Сновидец помог Линиуму подняться на ноги.
— Ну вот, — сказал он. — Сможешь идти?
Линиум застонал.
— Меня ноги не держат. — Он помолчал и спросил: — А что ты потерял в этот раз?
— Потерял?
— Слушай, Сказитель, пора уже обращать внимание на то, что тебе говорят умные люди. Если ты хочешь выбраться отсюда живым и спасти свой инфернальный мир… Книга, придурок. Ты ее уронил. — Он тяжко вздохнул. — Я не могу делать все за тебя.
Сновидец беспомощно огляделся.
— Где она? Я не вижу.
— Вот она. — Линиум указал пальцем, и из пальца вырос пистолет. — Черт, — выругался Линиум, встряхнул рукой, убирая оружие, и указал снова. — Вот она, там…

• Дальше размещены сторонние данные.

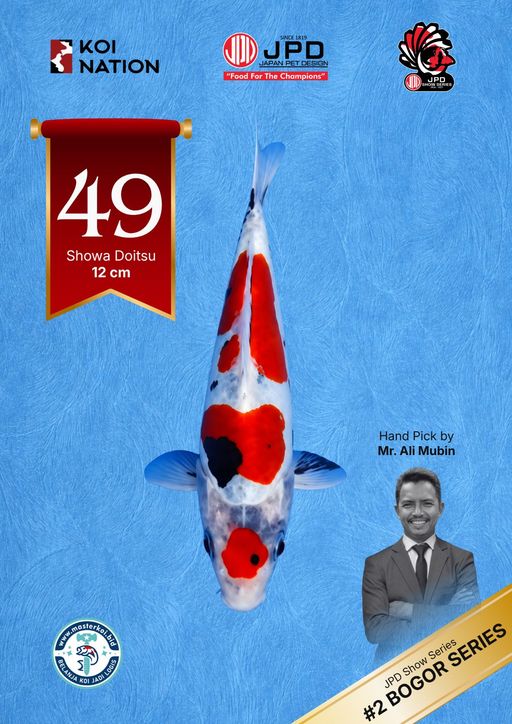 Lelang Koi Online, Jual Beli Ikan Koi, Pusat Jual Beli Koi, Info Lelang Koi Hari Ini, Platform Jual Beli Koi, Jual Beli Ikan Koi Online, Marketplace Ikan Koi, Jual Koi Terbaik, Tempat Beli Koi Berkualitas, Pasar Ikan Koi Online Terpercaya, Penjual Ikan Koi Terpercaya, Beli Koi Hias Online, Ikan Koi untuk Dijual, Koi Kualitas Terbaik, Toko Online Ikan Koi, Koi Hias Untuk Dijual, Jual Beli Ikan Koi Lokal, Koi Indonesia Online, Pusat Jual Beli Koi Terbesar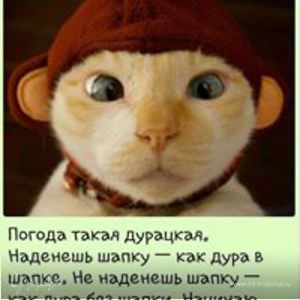 Фотография профиля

Сновидец подошел к маленькому круглому холмику, разгреб песок и поднял книгу. Он уже собирался убрать ее в карман, как вдруг заметил, что обложка переменилась. Теперь на ней была изображена Сенида в окружении своих Сирен. Сновидец с тревогой взглянул на Линиума, но не успел ничего сказать, потому что Линиум заговорил первым:
— Она изменилась, да?
— Да.
— Сенида?
— Да.
— Плохой знак, — сказал Линиум. — Очень плохой.

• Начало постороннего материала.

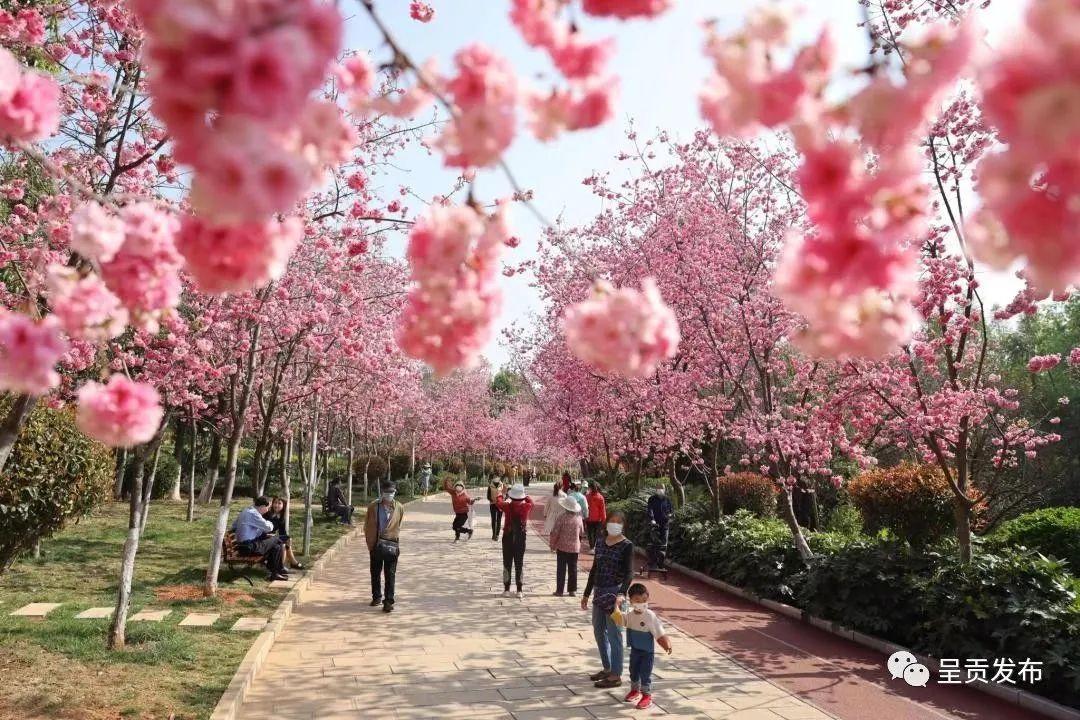 云南省绿美城市评选,云南省绿美城市建设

В резком солнечном свете капельки пота у него на лбу блестели, как крошечные хрусталики. Он казался каким-то странным, нездешним существом — как будто природа, когда создавала его, и сама не была до конца уверена, зачем он ей нужен. За этим избытком синтетических материалов еще скрывалось что-то человеческое. Например, сила воли, которая только подчеркивала его смертность. Смертность — как состояние, свойственное всякой живой материи.

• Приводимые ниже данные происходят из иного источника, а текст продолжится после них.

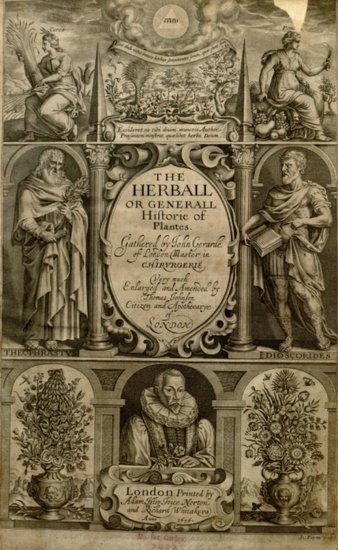 'The Herball or Generall Historie of Plantes (1636 ed.)'  photo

Происхождение Линиума оставалось загадкой для всех. Но достоверно известно, что уже в двадцать пять лет он считался самым одаренным на свете физиком и не признавал никаких законов. Это было опасное сочетание: блестящий ум и ненасытная страсть к приключениям. Его интерес к Технологии Духа несколько раз едва не стоил ему жизни. Но ему каждый раз удавалось вернуть свой Дух-Код обратно в Исток. Как именно — никто не знает. И так продолжалось до той знаменитой эскапады, когда все сразу пошло не так.